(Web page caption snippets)
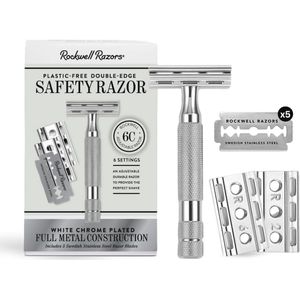 Verstelbaar Dubbel Rand Veiligheidsscheermes in Wit Chroom met 5 Roestvrijstalen Scheermesjes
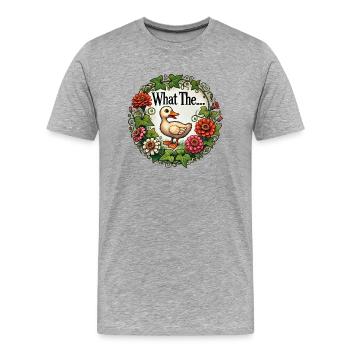 What the Duck - Men's Premium Organic T-Shirt - heather grey - Front - Damien (186cm)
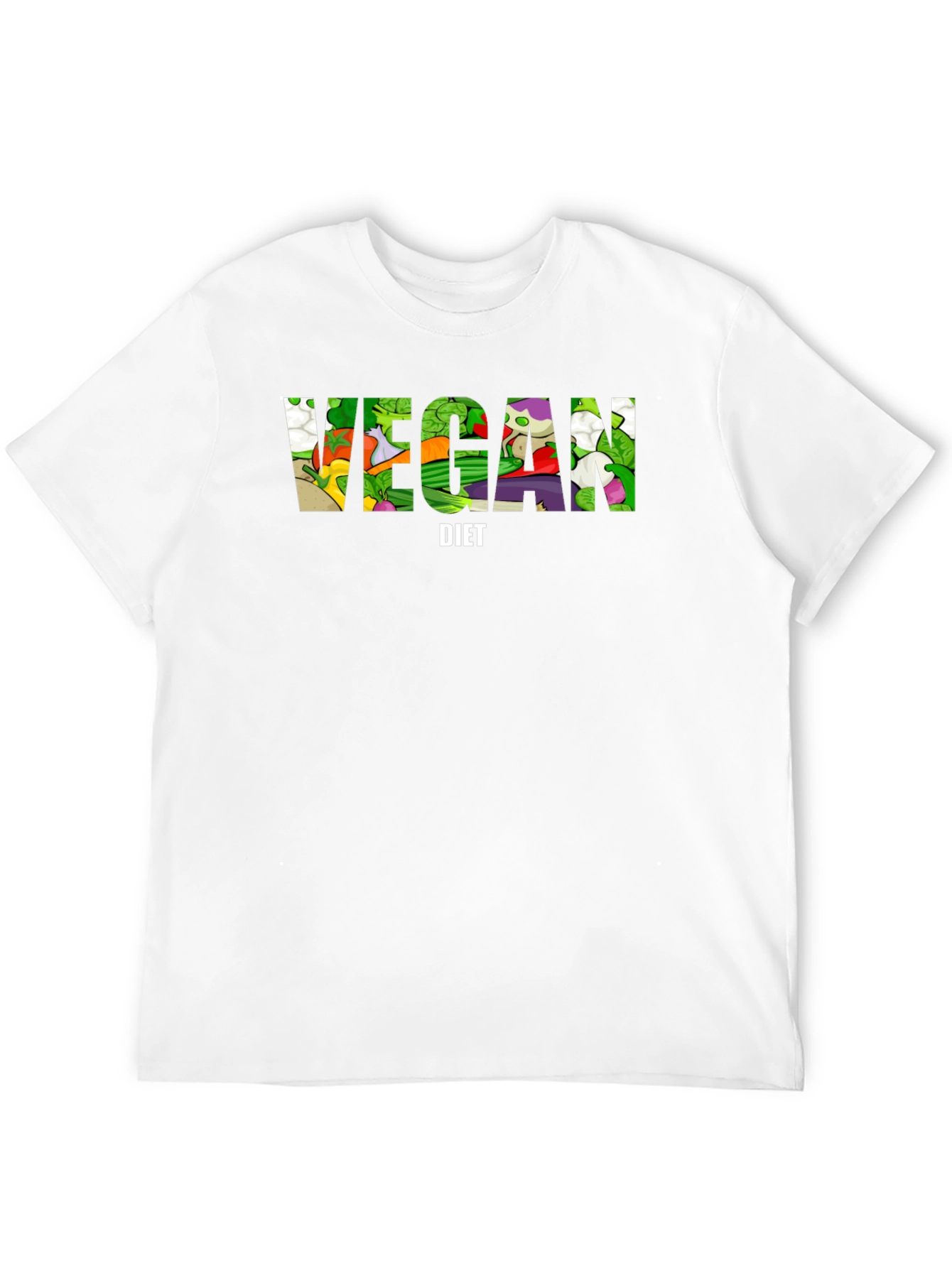 Vegan Diet T-Shirt - Black Cotton Graphic Tee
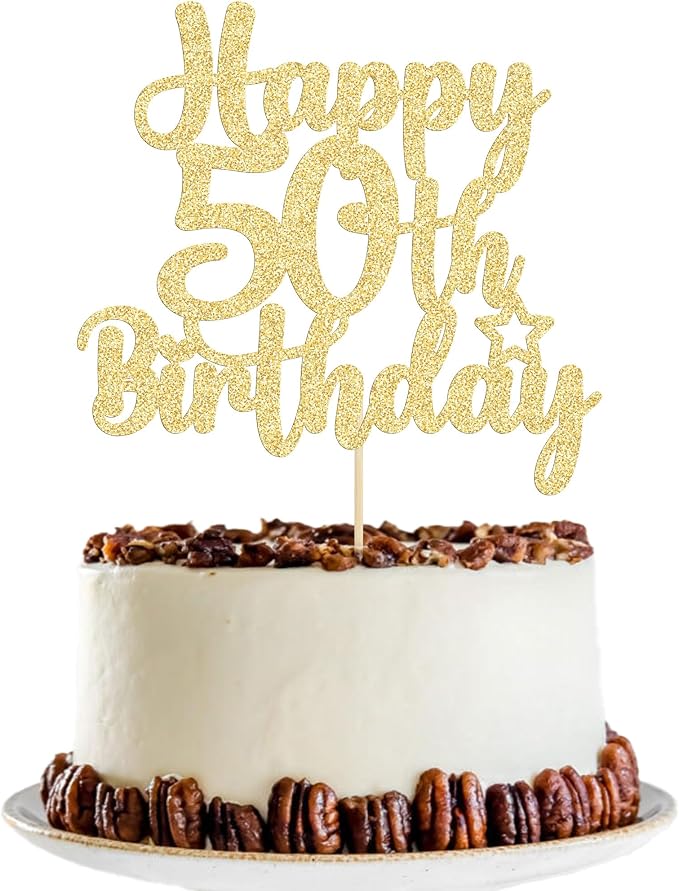 Gyufise 1Pc Happy 50th Birthday Cake Topper Glitter 50 & Fabulous Cheers to 50 Years Old 50th Birthday Cake Pick for Celebrating 50th Birthday Anniversary Party Cake Decorations Gold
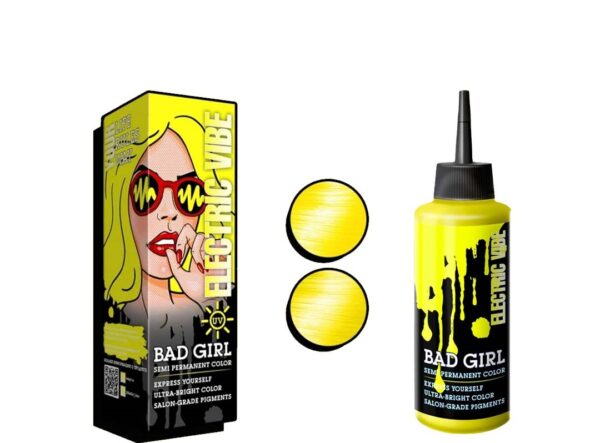 رنگ مو فانتزی زرد نئونی بدگرل مدل الکتریک وایب Bad Girl Semi Permanent Color Electric Vibe 150ml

▶ [INSTRUCTIONS TO FOLLOW]:
What is needed is an exact copy of every entry, with the pictures removed.

▶ [ANSWER]:
 Verstelbaar Dubbel Rand Veiligheidsscheermes in Wit Chroom met 5 Roestvrijstalen Scheermesjes
 What the Duck - Men's Premium Organic T-Shirt - heather grey - Front - Damien (186cm)
 Vegan Diet T-Shirt - Black Cotton Graphic Tee
 Gyufise 1Pc Happy 50th Birthday Cake Topper Glitter 50 & Fabulous Cheers to 50 Years Old 50th Birthday Cake Pick for Celebrating 50th Birthday Anniversary Party Cake Decorations Gold
 رنگ مو فانتزی زرد نئونی بدگرل مدل الکتریک وایب Bad Girl Semi Permanent Color Electric Vibe 150ml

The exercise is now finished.